Önceden Alınan Konut Kredileri Mortgage Sistemine Dahil Olacak

Mortgage tasarısıyla şimdiye kadar kullanılan bütün konut kredilerinin sisteme dahil olacağı, ancak girmek istemeyenlerin dilekçe vermesi gerekeceği belirtildi. TBMM Plan ve Bütçe Alt Komisyonu'nda uzunca bir süredir sisteme girmek isteyenlerin mi, yoksa girmek istemeyenlerin mi dilekçe vermesi gerektiği üzerinde tartışma yapıldığı öğrenildi. Bankaların mortgage sistemine girmek istemeyenlerin dilekçe vermesini talep ettiği belirtilirken Sanayi ve Ticaret Bakanlığı'nın ise girmek isteyenlerin dilekçe vermesini savunduğu ve bunun tüketicinin lehine olacağını gündeme getirdiği bildirildi. Ağırlıklı görüş ise girmek istemeyenlerin dilekçe vermesi gerektiği yönünde.

Alt komisyonda çalışmaları tamamlanma aşamasına gelen mortgage sistemini düzenleyen tasarının nisan ayında üst komisyonda görüşülmesi bekleniyor. Şimdiye kadar yapılan en önemli tartışma, mortgage yasal düzenlemesi çıktıktan sonra konut kredisi kullananların durumu oldu. Sanayi ve Ticaret Bakanlığı temsilcileri, daha önce konut kredisi almış yaklaşık 210 bin kişi olduğunu, bunların şimdiye göre daha yüksek faizden kredi aldıklarını belirterek "Eğer sisteme girmek isteyenlerin dilekçe vermesi şartı getirilirse bankalar, yeni faizlerle cazip imkânlar getirir. Çünkü mortgage sisteminde yüksek faizden aldıkları kredinin tamamını kapatıp düşük faize geçmek isterlerse yüzde 2 cezası var. Bu nedenle girmek isteyenlerin dilekçe vermesi gerekir" dediler.

Girmek istemeyene dilekçe hakkı
Buna karşılık bankalar 2005 yıl sonu itibarıyla 12.4 milyar YTL'ye ulaşan konut kredilerinin mortgage sisteminin yasal zemini oluştuktan sonra menkul kıymetleştirilerek ikincil piyasada satılmaya başlayacağını, eğer sisteme dahil olmak isteyenin dilekçe vermesi gerekeceği yönünde bir düzenleme olursa; bu kredilerin ikincil piyasada işlem görmesinde sorun olacağını, tek tek kişilerin dilekçe vererek sisteme girmelerinin beklenmesinin gerekeceğini kaydettiler.
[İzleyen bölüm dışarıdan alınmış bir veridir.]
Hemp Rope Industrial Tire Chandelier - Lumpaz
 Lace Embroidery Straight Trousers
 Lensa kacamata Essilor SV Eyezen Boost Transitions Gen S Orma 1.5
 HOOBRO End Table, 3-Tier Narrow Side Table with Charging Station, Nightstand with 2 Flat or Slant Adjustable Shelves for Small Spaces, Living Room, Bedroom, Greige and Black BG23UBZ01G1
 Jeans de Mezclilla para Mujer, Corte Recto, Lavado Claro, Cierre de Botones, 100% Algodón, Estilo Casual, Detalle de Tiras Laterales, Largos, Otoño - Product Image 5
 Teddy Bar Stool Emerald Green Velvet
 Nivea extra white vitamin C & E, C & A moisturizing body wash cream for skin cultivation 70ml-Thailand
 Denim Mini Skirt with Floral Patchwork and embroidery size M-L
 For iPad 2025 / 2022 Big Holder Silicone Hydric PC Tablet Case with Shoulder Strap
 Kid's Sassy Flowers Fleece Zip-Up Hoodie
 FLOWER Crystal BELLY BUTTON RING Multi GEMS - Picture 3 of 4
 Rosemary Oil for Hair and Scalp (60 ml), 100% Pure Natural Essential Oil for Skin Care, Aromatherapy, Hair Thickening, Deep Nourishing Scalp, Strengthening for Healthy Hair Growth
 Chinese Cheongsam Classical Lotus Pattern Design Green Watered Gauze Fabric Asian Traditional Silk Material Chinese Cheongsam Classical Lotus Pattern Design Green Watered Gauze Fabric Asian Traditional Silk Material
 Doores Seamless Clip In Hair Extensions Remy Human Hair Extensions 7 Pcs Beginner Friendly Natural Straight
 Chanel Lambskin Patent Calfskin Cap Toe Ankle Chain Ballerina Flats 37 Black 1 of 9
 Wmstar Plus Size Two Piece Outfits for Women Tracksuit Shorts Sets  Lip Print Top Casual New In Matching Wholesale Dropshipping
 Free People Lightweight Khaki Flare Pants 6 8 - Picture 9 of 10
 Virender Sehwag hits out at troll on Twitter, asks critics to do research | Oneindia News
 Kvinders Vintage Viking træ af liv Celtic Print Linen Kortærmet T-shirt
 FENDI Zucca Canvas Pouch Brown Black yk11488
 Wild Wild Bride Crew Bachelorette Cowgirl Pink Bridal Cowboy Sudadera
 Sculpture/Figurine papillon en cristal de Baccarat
Komisyonda da bankaların bu taleplerinin uygun görüldüğü ve sisteme girmek istemeyenlerin 3 ay içinde dilekçe vermesine yönelik bir düzenlemenin ağırlık kazandığı bildirildi.

Ayrıca bankaların aldıkları konut kredisini ödeyemeyenler için yapacakları hacizde "seçim şartı" getirileceği bildirildi. Bankalar ya ipotekli mal üzerinden ya da kredi kullanan kişinin diğer malları üzerinden haciz yapabilecekler. Alt Komisyon'da bir başka değişikliğin yine krediyi kullanan kişinin borcunu ödeyememesi ile gündeme gelen hacizden sonra, bankaların kendi bünyelerine aldıkları konutları icrada satarken KDV oranının yüzde 1'e düşürülmesi yönünde olduğu anlatıldı. Banka, haczettiği konutu satarken yüzde 18 üzerinden KDV öderse maliyeti yükselteceği, bu nedenle hacizden sonra bankanın yapacağı satışta KDV'nin yüzde 1'e indirilmesinin kararlaştırıldığı belirtildi.

Sistem nasıl işleyecek
Sade bir vatandaş müteahhitten ev satın alacak.
Gayrimenkul değerleme uzmanları evin değerini belirleyecek.
İpotek kredili konutlar zorunlu olarak sigortalandırılacak.
Evin değerinin en az dörtte biri peşin ödenecek.
Kalan kısmı için bankalardan mortgage kredisi alınacak.
Banka, kredi karşılığı ipotek senedi düzenleyecek.
Senetler havuzda toplanacak. İpotek Finans Kuruluşu (İFK) kurulacak.
Bankalar, portföylerindeki senetleri komisyon karşılığı İFK'ya devredecek.
Banka isterse bunu kendi bünyesinde de tutabilecek.
İFK, ipotek senetlerini menkul kıymete dönüştürecek.
Ödeme riski konusunda sigortacılık sistemi de devreye girecek.